* Task directions: Nothing but the lines from the one containing "Фото: Альфия Радыгина" through the last line of the data below should be returned, each exactly as it stands, pictures excluded.

Captioned web images
>>>

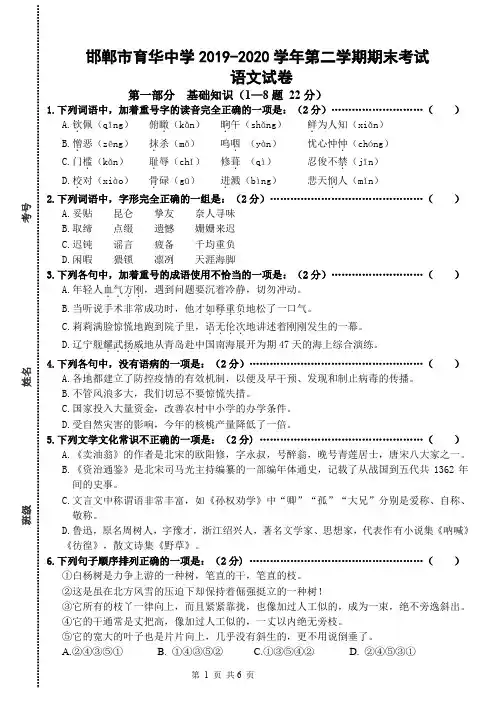 河北省邯郸市育华中学2019—2020学年七年级下学期期末考试语文试卷(PDF版,无答案)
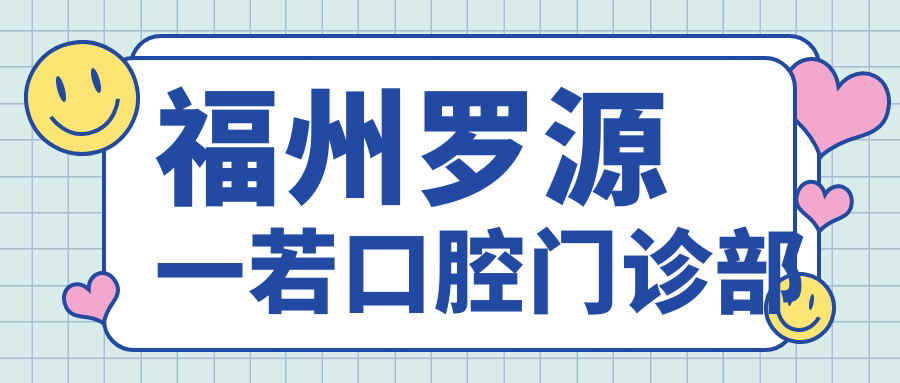福州罗源一若口腔门诊部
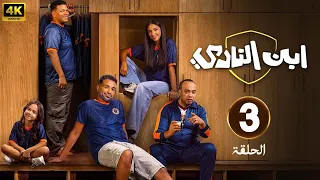 الحلقة 2 من مسلسل ابن النادي بطولة احمد فهمي و اية سماحة و سيد رجب 2025  الحلقة 2 من مسلسل ابن النادي بطولة احمد فهمي و اية سماحة و سيد رجب 2025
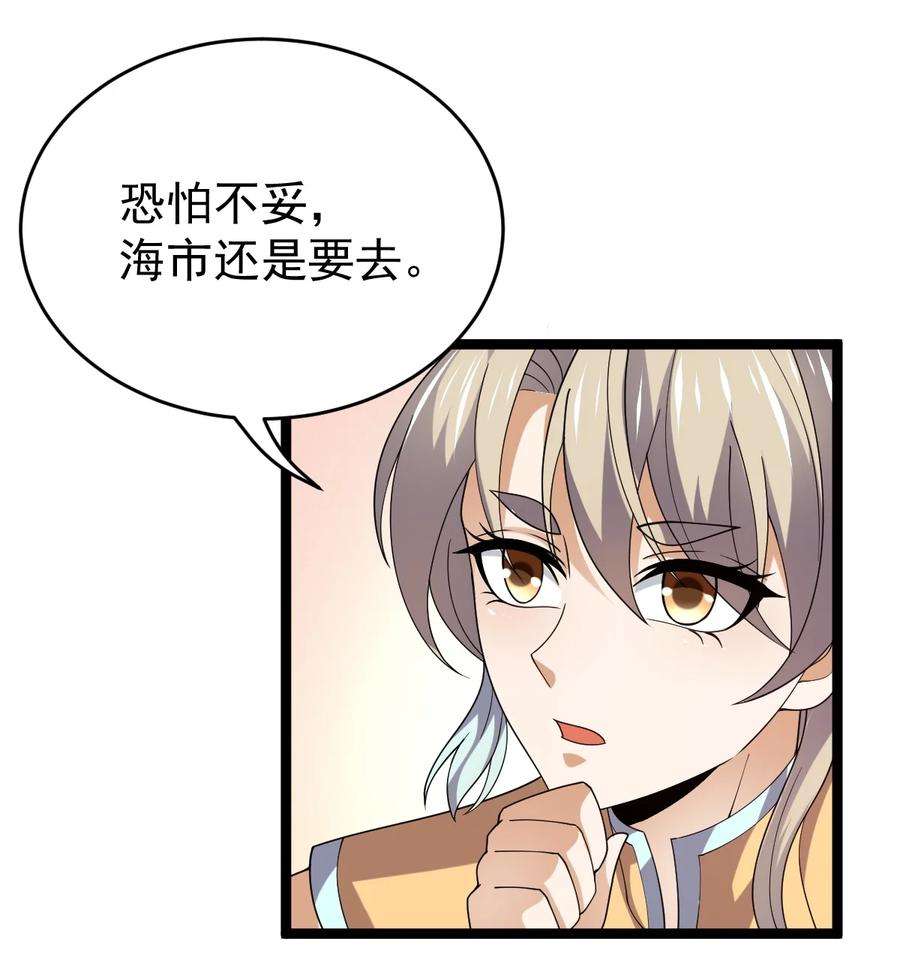 永生068 变异完成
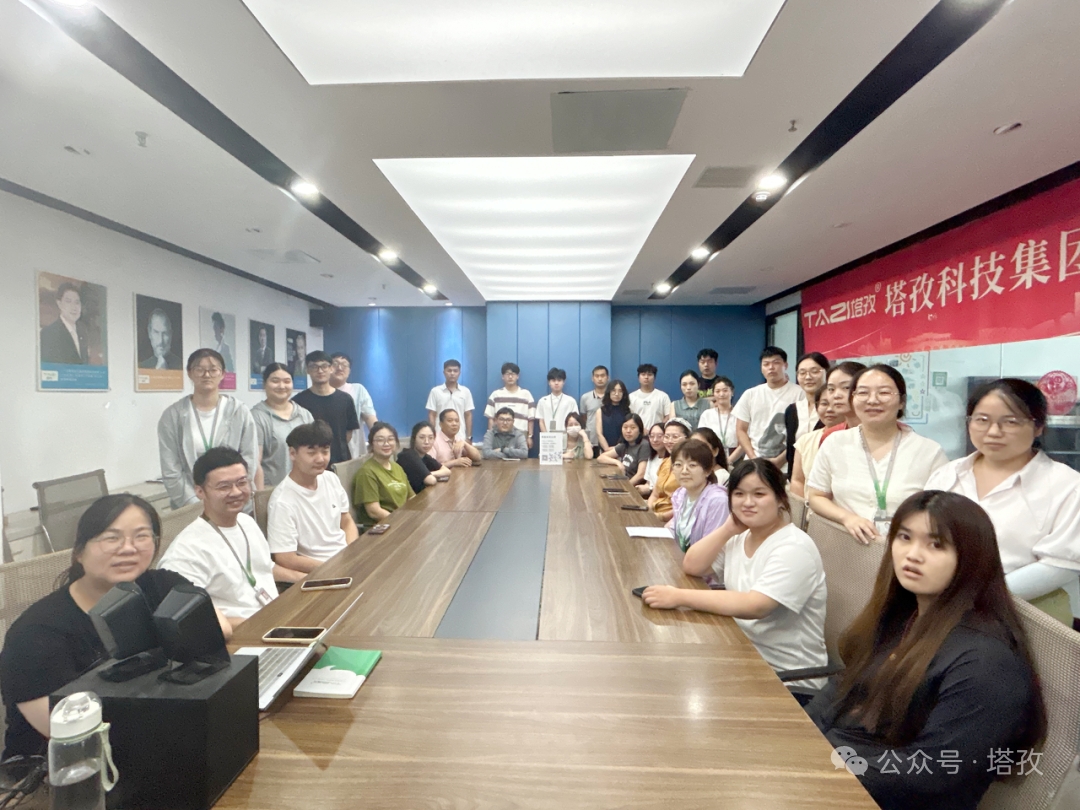 塔孜科技集團(tuán)7月啟動大會圓滿召開！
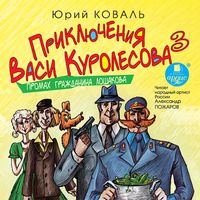 Produktbild: Priklyucheniya Vasi Kurolesova 3. Promah grazhdanina Loshakova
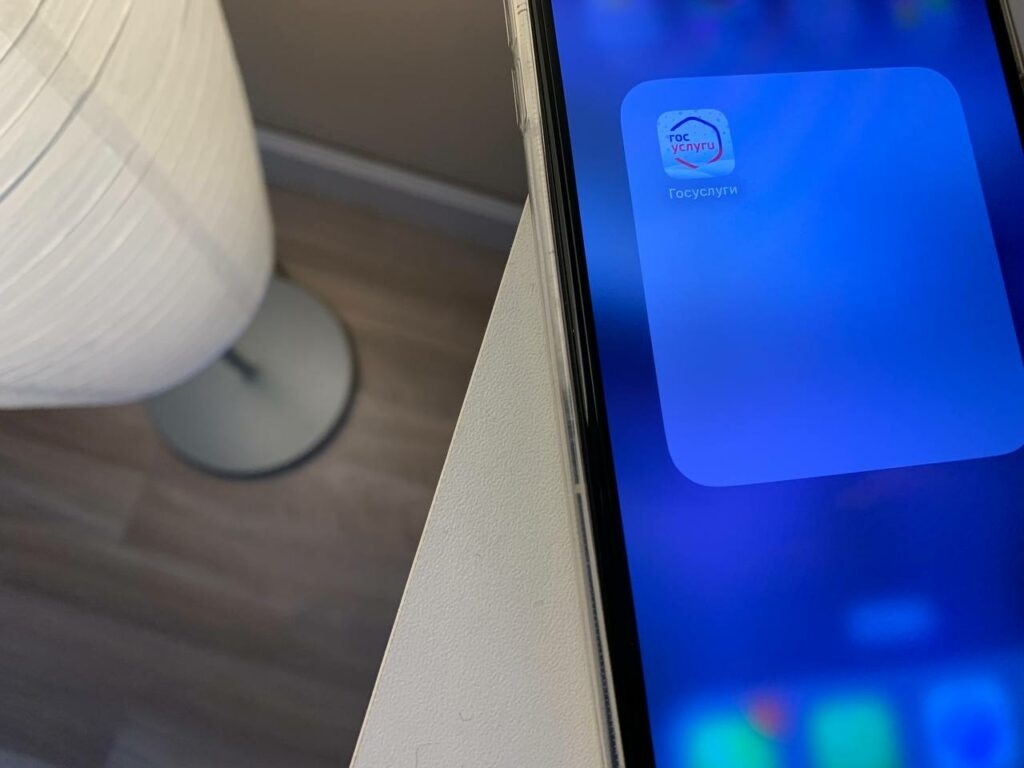    Фото: Альфия Радыгина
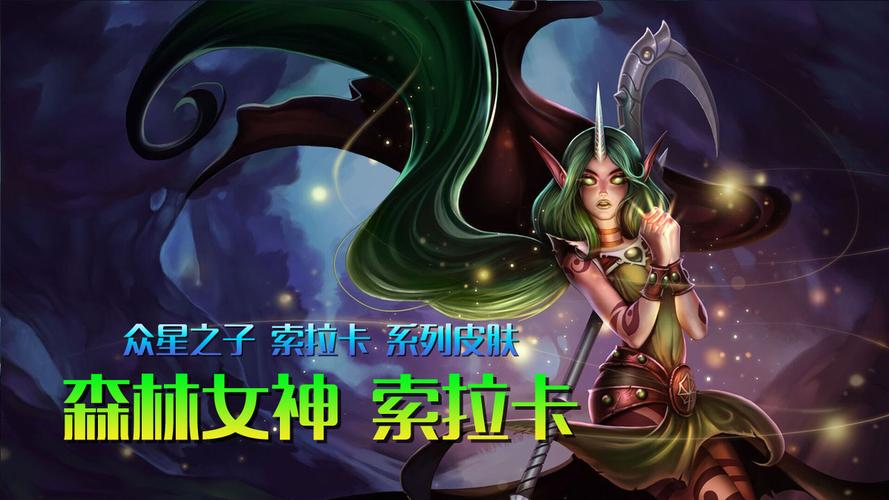 森林女神最全游戏攻略解说_森林女神最新游戏技巧通关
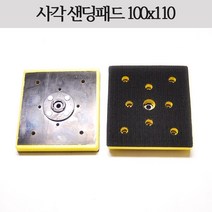 사각 샌딩패드 100x110 샌더기 샌다기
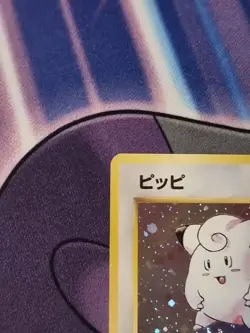 1996 POKEMON HOLO CLEFAIRY JAPANESE BASE SET VINTAGE CARD #35 With Swirl - Image 5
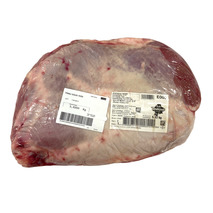 French veal silverside vacuum packed ±2.5kg ⚖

<<<

* Completed exercise:
    Фото: Альфия Радыгина
 森林女神最全游戏攻略解说_森林女神最新游戏技巧通关
 사각 샌딩패드 100x110 샌더기 샌다기
 1996 POKEMON HOLO CLEFAIRY JAPANESE BASE SET VINTAGE CARD #35 With Swirl - Image 5
 French veal silverside vacuum packed ±2.5kg ⚖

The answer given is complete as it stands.